Audio wise, the game has the same dialogue, sound effects, and exceptional music featured in the Xbox version, and being a PC title, the game also features full mouse and keyboard support. Honestly though, I found this very disappointing, as said support seems to have been implemented rather poorly. No matter how I adjusted it, the mouse just seemed real sluggish, and ultimately I gave up and plugged in my Xbox 360 Wired Controller, which worked like a charm. The mouse wasn't too bad controlling the Master Chief, but vehicles were a real pain.
Of course being a Games for Windows Live title, Halo 2 now features a full set of Achievements that you can earn, many of them being very simple.

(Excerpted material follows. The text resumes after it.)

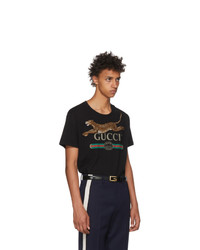 Gucci Black Classic Leopard T Shirt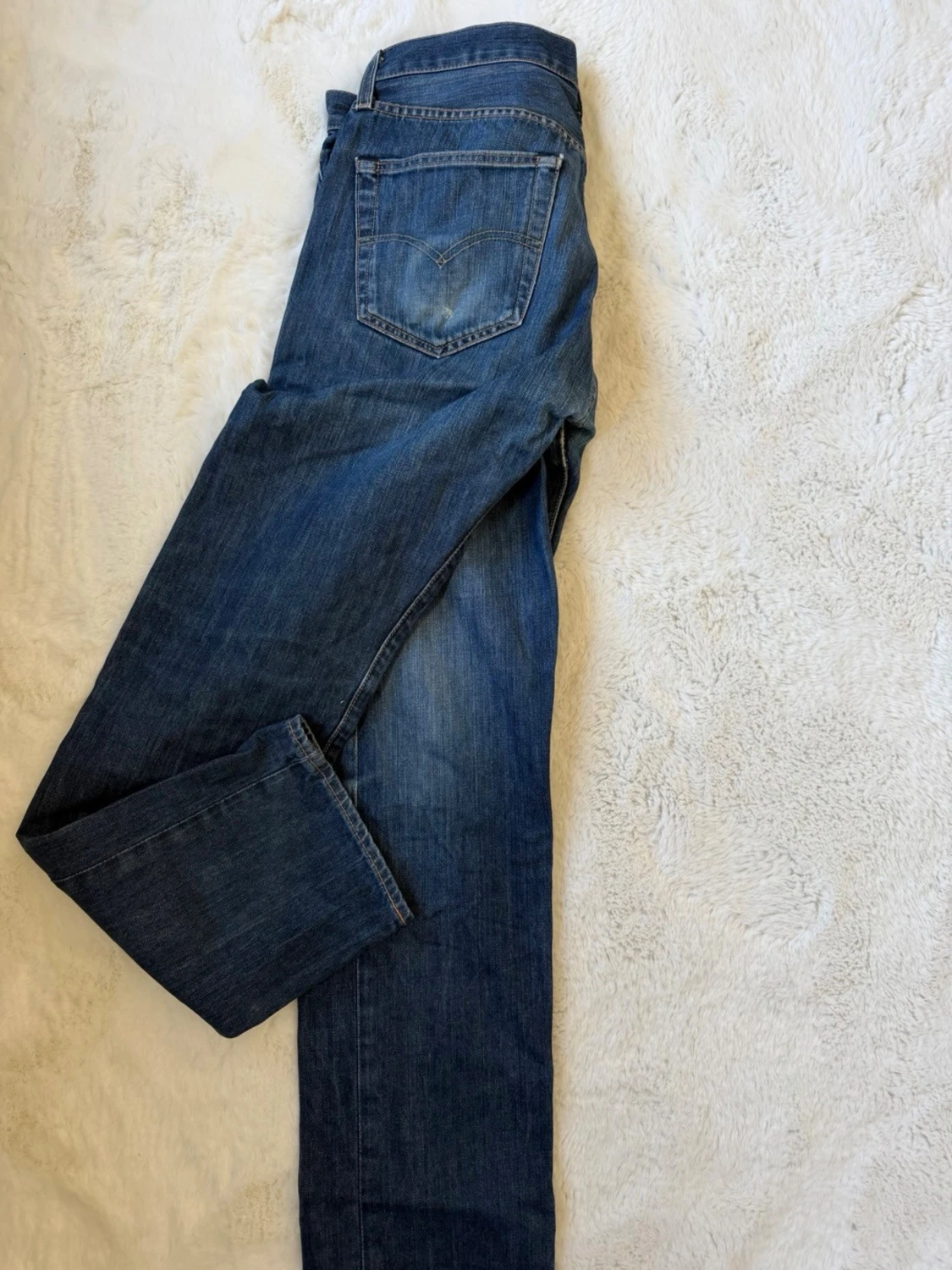 Mörkblå raka jeans - 1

You'll get over half the game's Gamer Score simply by playing through the Campaign on Normal. One thing I didn't get to try was the PC version's Multiplayer. While I can pause the Campaign at any point, or Save and Exit at any point, there's no such luck in Multiplayer, so it's harder to accommodate when I'm a guest at someone else's home. Aside from two exclusive maps, however, I'd expect it to be near identical to what was offered via the Xbox version, save that a mouse/keyboard combo is now an option.

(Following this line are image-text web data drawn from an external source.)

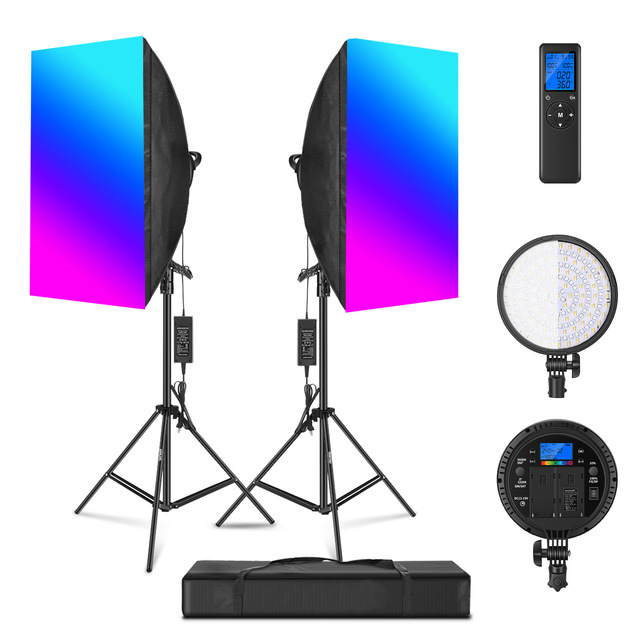 2 Pack Led Softbox Lighting Kit With Color Filter Softbox 3200~5600k 48w Dimmable Led Light Head for Photo Studio Video Hot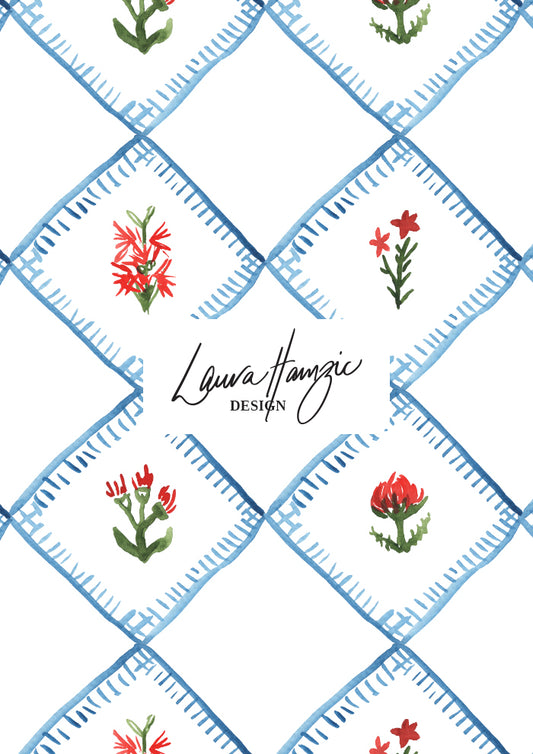 Hand-illustrated quilted floral design in a diamond blanket stitch style pattern — Quilted Blooms pattern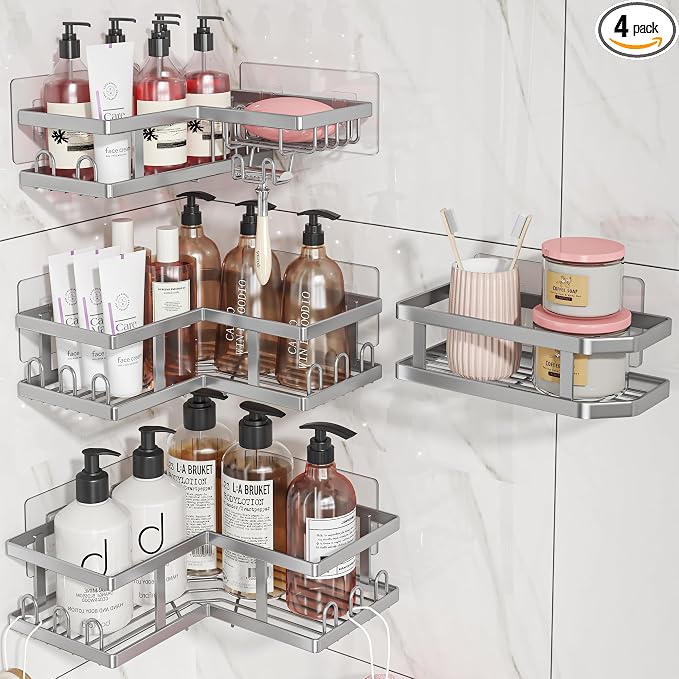 Youvip 4-Pack Adhesive Corner Shower Caddy by YOUVIP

So, the final verdict? The PC version of Halo 2 is more or less an enhanced version of the Xbox game with higher resolution graphics, removal of texture pop-in, and Achievements, however some really sloppy aspects of the port stand out like a sore thumb. The texture tearing does detract from the upgraded visuals, and the mouse/keyboard implementation was so horribly done that a Controller is actually preferred! Unheard of on a PC shooter! Granted, these overall improvements do not warrant a re-purchase if you already own the Xbox version of the game; it's still Halo 2 with no new content save for two additional multiplayer maps (though the Xbox version also has two exclusive maps of it's own), and aside from Gamer Score, there's nothing drastically new here for you to see.
If for whatever reason you do not own a copy of Halo 2 but happen to have a Microsoft Windows Vista PC, this'd be the version I'd recommend, if simply for the proper Games for Windows Live integration. Halo 2 is an exceptional game that no one should miss, regardless of the platform, and at such a low price point, there's no reason why you can't scoop this epic up.